4. Daire         1998/327 E.  ,  1999/1391 K.
T.C.
D A N I Ş T A Y
DÖRDÜNCÜ DAİRE
Esas No : 1998/327
Karar No: 1999/1391

Temyiz Eden : …
Vekili : …
Karşı Taraf : Galata Vergi Dairesi Müdürlüğü-İSTANBUL
İstemin Özeti : 1994 yılı kazançlarına ilişkin olarak kurumlar vergisi ve muhtasar beyannamelerini veren davacı şirket 4108 sayılı Kanun’la Kurumlar Vergisi Kanunu’nun 25 ve Gelir Vergisi Kanunu’nun 75/4 üncü maddelerinde yapılan değişiklikler uyarınca kurumlar vergisi ve gelir (stopaj) vergilerine ilişkin düzeltme beyannameleri vermiştir. Davacının, kurumlar vergisi düzeltme beyannamesi kabul edilmemiş ancak gelir (stopaj) vergisine ilişkin düzeltme beyannamesi kabul edilerek tahakkuk fişi düzenlenmiştir. Davacı, gelir (stopaj) vergisine ilişkin düzeltme beyannamesinin sehven verildiğini ileri sürerek düzeltme yoluyla idareye başvurmuş, başvurunun cevap verilmemek suretiyle reddi üzerine tahakkuk fişinin iptali için dava açmıştır. … Vergi Mahkemesi … gün ve E:…, K:… sayılı kararıyla; olayda, İdarece davacı şirket tarafından sehven verilen kurumlar vergisi düzeltme beyannamesinin kabul edilmediği, ancak ödenecek gelir (stopaj) vergisini artıran düzeltme beyannamesi kabul edilerek tahakkuk fişi düzenlendiğinin anlaşıldığı, bu durumda, davacı şirketin İdare ile kurumlar vergisi yönünden ihtilaflı olmasının, kendi iradesi ile verdiği muhtasar beyannameye göre düzenlenen tahakkuk fişinin iptalini ve tahakkuk eden gelir (stopaj) vergisi ile fon payının terkinini gerektirmediği gerekçesiyle davanın reddine karar vermiştir. Davacı, şirket, sehven verilen kurumlar vergisi düzeltme beyannamesi kabul edilmediği halde buna bağlı muhtasar beyannamenin kabul edilerek tahakkuk fişi düzenlenmesinin usul ve yasaya aykırı olduğunu ileri sürerek kararın bozulmasını istemektedir.
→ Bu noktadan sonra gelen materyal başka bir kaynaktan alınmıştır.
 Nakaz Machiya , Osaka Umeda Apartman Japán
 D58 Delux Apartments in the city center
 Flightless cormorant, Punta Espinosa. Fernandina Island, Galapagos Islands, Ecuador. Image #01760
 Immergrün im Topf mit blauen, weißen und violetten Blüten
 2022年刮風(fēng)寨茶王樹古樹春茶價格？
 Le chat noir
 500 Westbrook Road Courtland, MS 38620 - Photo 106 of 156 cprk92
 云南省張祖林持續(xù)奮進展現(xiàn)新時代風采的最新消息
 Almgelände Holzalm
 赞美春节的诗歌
Savunmanın Özeti : Yasal dayanaktan yoksun temyiz isteminin reddi gerektiği savunulmaktadır.
Danıştay Savcısı …’in Düşüncesi : Temyiz dilekçesinde öne sürülen hususlar, 2577 sayılı İdari Yargılama Usulü Yasasının 49. maddesinin 1. fıkrasında belirtilen nedenlerden hiçbirisine uymayıp vergi mahkemesince verilen kararın dayandığı hukuki ve yasal nedenler karşısında, anılan kararın bozulmasını gerektirir nitelikte görülmemektedir.
Açıklanan nedenle temyiz isteminin reddi ile vergi mahkemesi kararının onanması gerektiği düşünülmektedir.
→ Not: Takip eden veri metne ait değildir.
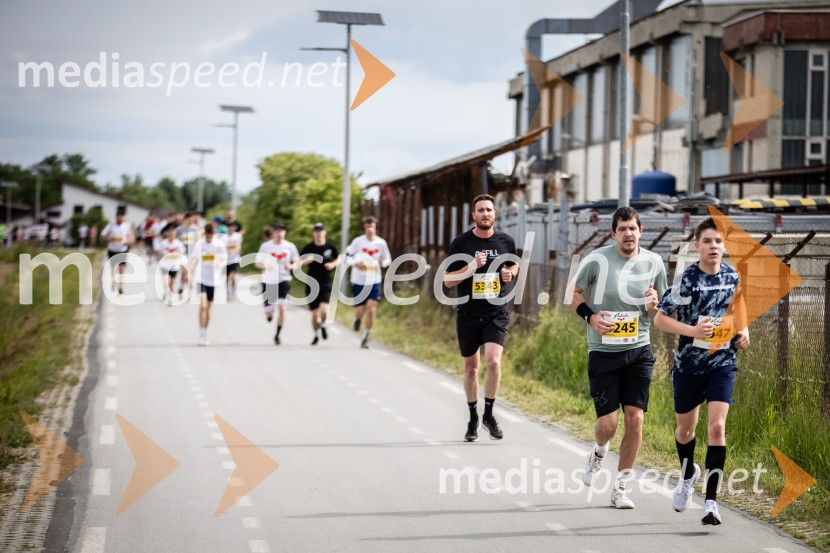 43. Maraton Treh src - tek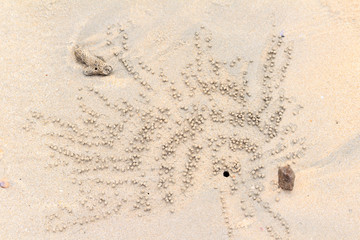 Hole and sand balls made by Ghost Crabs, Thailand - 140109100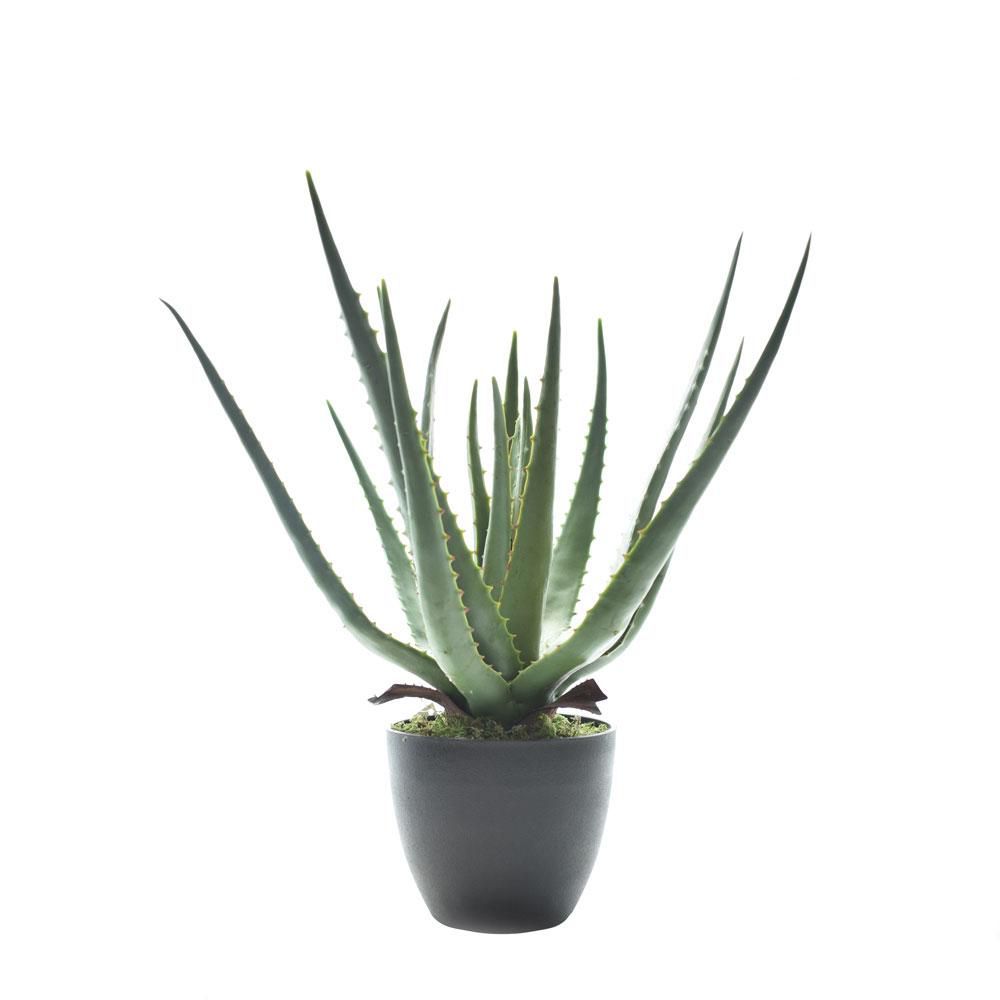 AGAVE PIANTA C/VASO CM.40 VERDE AGAVE PIANTA C/VASO CM.40 VERDE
Tetkik Hakimi …’ın Düşüncesi : Olayda, yatırım indirimi tutarının menkul sermaye iradı matrahına dahil edilmeyeceği açık olduğundan, mevzuda hata yapıldığı gözönüne alınıp bu esas çerçevesinde incelenerek, yeniden bir karar verilmek üzere mahkeme kararının bozulması gerektiği düşünülmektedir.

TÜRK MİLLETİ ADINA
Hüküm veren Danıştay Dördüncü Dairesince gereği görüşüldü:
213 sayılı Vergi Usul Kanunu’nun “Dava Konusu” başlıklı 378 inci maddesinin ikinci paragrafında, mükelleflerin beyan ettikleri matrahlara ve bu matrahlar üzerinden tarh edilen vergilere karşı dava açamayacakları, bu kanunun vergi hatalarına ait hükümlerinin mahfuz olduğu düzenlenmiştir. Aynı Kanun’un “Vergi Hatalarını Düzeltme” başlıklı üçüncü bölümünde yer alan 116 ncı maddesinde; vergi hatası,vergiye ilişkin hesaplarda ve vergilendirmede yapılan hatalar yüzünden haksız yere fazla veya eksik vergi istenmesi ve alınması şeklinde tanımlanmış, 118 inci maddesinde ise vergilendirme hataları, mükellefin şahsında hata,mükellefiyette hata, mevzuda hata,vergilendirme veya muafiyet döneminde hata olarak sayılmıştır. 3 üncü bentte sayılan “mevzuda hata”; Açık olarak vergi mevzuuna girmeyen veya vergiden müstesna bulunan gelir, servet, madde, kıymet, evrak ve işlemler üzerinden vergi istenmesi ve alınmasıdır, şeklinde tanımlanmıştır.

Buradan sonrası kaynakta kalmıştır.